Críticas a quem recebe ajuda do Estado
Uma rápida visita pelos comentários, nas redes sociais, de notícias visando a questão da pobreza e do assistencialismo, demonstra que um crescente número de pessoas vê de forma muito crítica os casos de cidadãos que estarão a receber ajudas do Estado sem precisarem ou sem o merecerem, chegando mesmo a usar os termos de “subsídiodependência” ou “profissionais do subsídio”. Trata-se de um certo sentimento colectivo de que existirá uma situação instalada de pessoas a viverem à custa dessas ajudas, sem demonstrarem esforços ou iniciativas para saírem do corrente estado de pobreza. Sobre o problema, Bruto da Costa não acredita que tenha dimensão que o torne prioritário e recorda que “medidas de gestão dos benefícios podem facilmente resolvê-lo”, considerando que “o que é grave é que possa haver pessoas mais preocupadas com as ‘fraudes’ dos pobres do que com a erradicação da pobreza”. Sobre o muito discutido e temido risco de um colapso financeiro da Segurança Social, o académico acredita que a resposta clara virá “quando dermos conta de que, antes de financeira, a questão é política, implica opções políticas em diversos domínios (quer de despesa, quer de receita). Infelizmente, a maior parte dos debates têm incidido apenas em aspectos financeiros. Isto é curto”, alertou.
E será o povo português demasiado conformado com a situação? “É uma questão técnica, científica, cultural e política. É conformismo dos pobres e omissão dos não pobres e dos governos”, declara.

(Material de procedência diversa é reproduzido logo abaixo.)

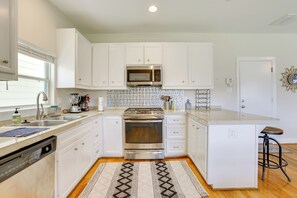 Interior - Yard + Pergola: Home 5 Mi to Dtwn Houston! (Houston)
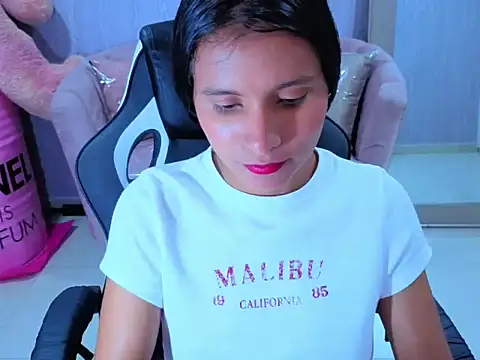 Cataleya23 a online show from April 2026 09:30:02 PM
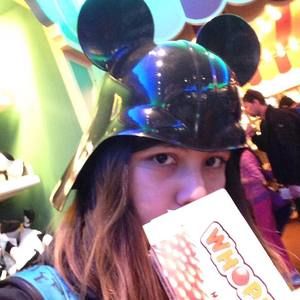 Meet your Posher, Monica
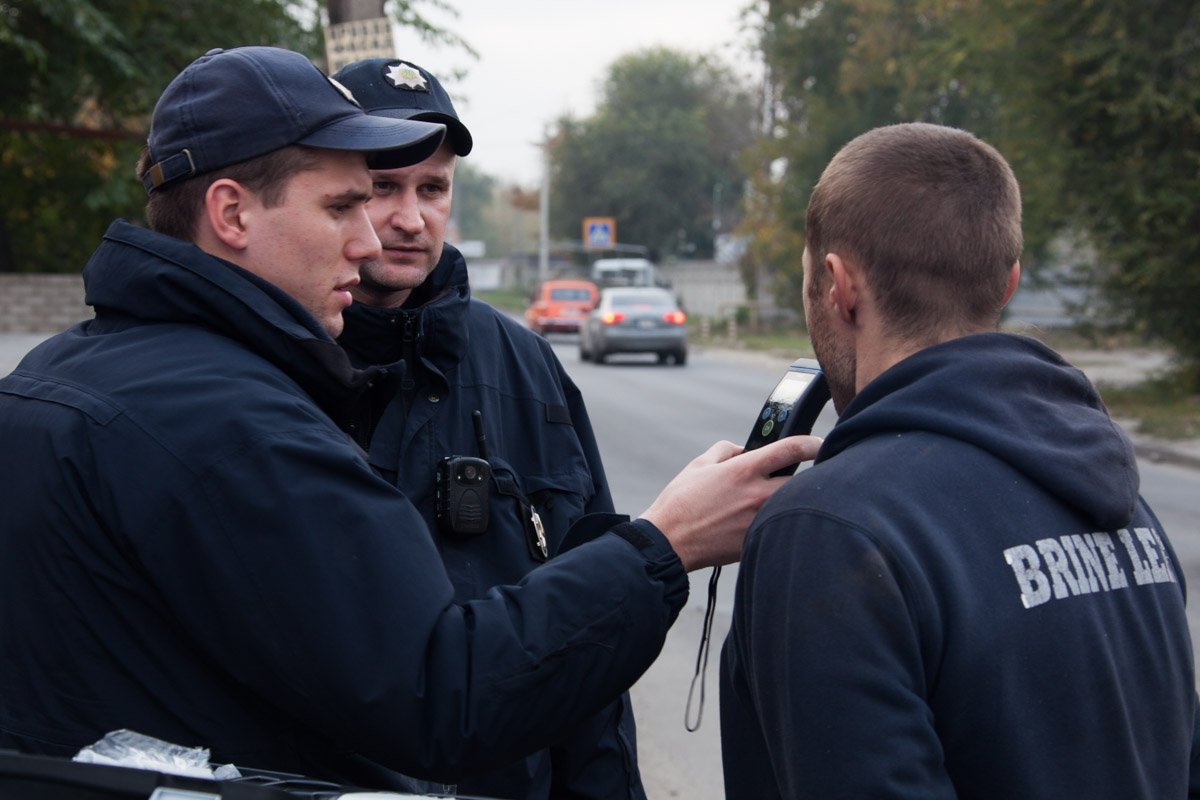 В Днепре мужчины украли канистру и пытались скрыться на Москвиче 8
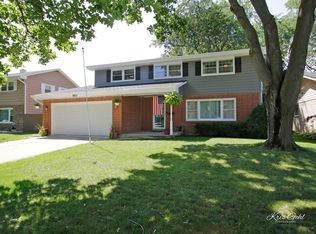 2032 Chestnut St, Waukegan, IL 60087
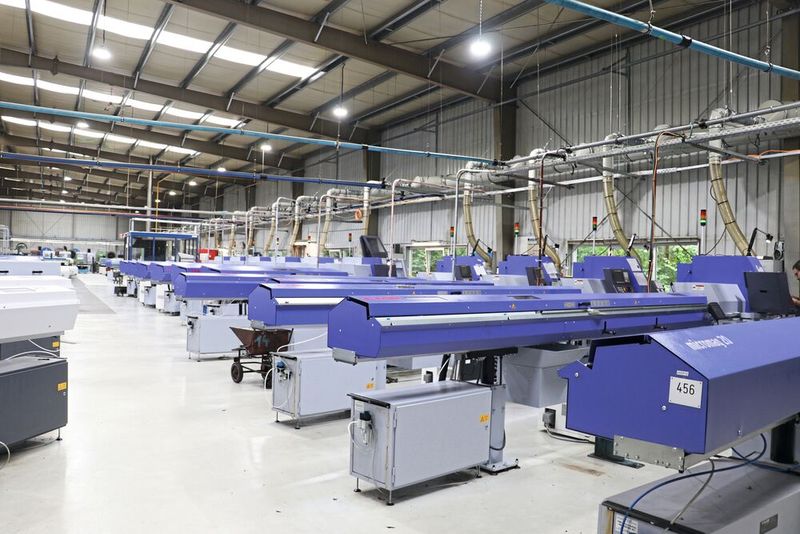 Bei Feindreh werden alle neuen Langdrehautomaten von Lubi-Cool-Anlagen mit Hochdruck versorgt. (Bild: Knoll)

O antigo ministro do V Governo Constitucional acredita que os media podem contribuir para a luta contra a pobreza, “aprofundando a compreensão do problema, um dos problemas sociais mais complexos e graves. A sua dimensão humana por vezes cria a ilusão de que bastam bons sentimentos para ter ideias consistentes sobre o assunto”, rematou.